As the path ascended the hillside it became more shady. Ferns sprang from crevices in the granite slabs. Rustic cedar-log bridges crossed mossy rivulets that cascaded down the hillside. Pitch pines clung to weathered crags, their trunks dwarfed and gnarled like bonsai by the wind. Through the branches she occasionally caught a glimpse of the harbor. She could hear the rumble of engines as the boats came and went. Just as she was beginning to get winded, she saw a path leading off to the first of the shelters, a cedar pavilion built into the face of a huge granite bluff, like the shelter in a Japanese landscape painting. A few minutes later she was sitting in a wooden chair, her chest heaving. She was in good shape for a woman of her age, but she wasn’t used to climbing cliffs. The view was every bit as spectacular as Kitty had led her to believe. The shelter seemed to be suspended in the air above the channel, the sides and roof forming a frame in which the harbor and the town of Bridge Harbor hovered between sea and sky in a nest of green hills. To the west lay the mansion-dotted shoreline that had once made Bridge Harbor the queen of summer resorts. To the east lay the bay, stretching away toward the horizon, its low-lying islands blending into a mass of soft, slate blue. Beyond the bay lay the mouth of the Bay of Fundy, and beyond that, the shores of Spain. She was reminded of the opening lines of a poem by Edna St. Vincent Millay: “All I could see from where I stood/Was three long mountains and a wood/I turned and looked the other way/And saw three islands in a bay.”

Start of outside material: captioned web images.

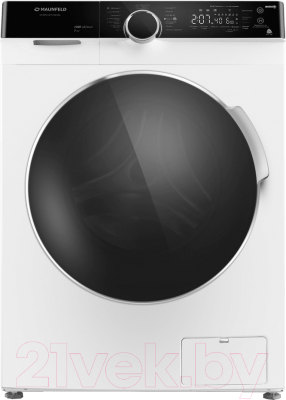 Стиральная машина Maunfeld MFWM127STWH06 - фото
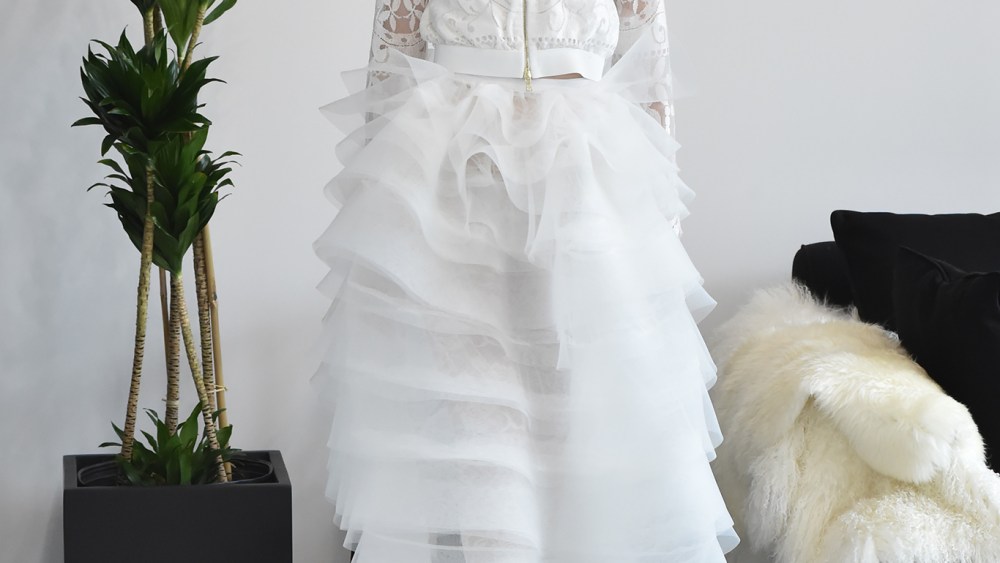 Houghton's Spring Bridal Event to Feature Buy-Now-Wear-Now Element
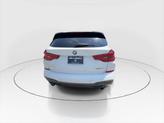 Thumbnail of 2020 Alpine White BMW X3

After resting for a moment, she headed back to the main path. Stopping for a moment on a little bridge, she looked out at the streamlet that flowed between the walls of a fissure in a granite outcropping. At the foot of the outcropping, she could see the slipperlike sac of a pink lady-slipper growing under a huckleberry bush. Then she noticed another, and another. They were all over the place. They were now so rare it was unusual to see one, let alone dozens. She loved the sac with its delicate veins and its deep cleft. Stepping off the path for a closer look, she noticed a glint of blond out of the corner of her eye. She caught her breath. Pushing back the undergrowth, she felt her stomach contract. Hidden beneath the boughs of a juniper bush overhanging the streamlet lay the dead body of a golden retriever. The dog’s head rested in a pool of vomit. The soft reddish-gold tendrils of fur were already beginning to dry into a stiff, brown mat. His lips were lined by white froth, and his protruding eyes were ringed by a circle of red. “The poor thing,” she said to herself. Kneeling down, she felt the dog’s stomach, which was already beginning to swell. He’d been dead for only fifteen, maybe twenty minutes, she guessed. Gently, she ran her hands over the body. No wounds. Maybe he had died of some disease, but she doubted it; it looked as if he’d suddenly been taken ill. Maybe he had come to the streamlet for water.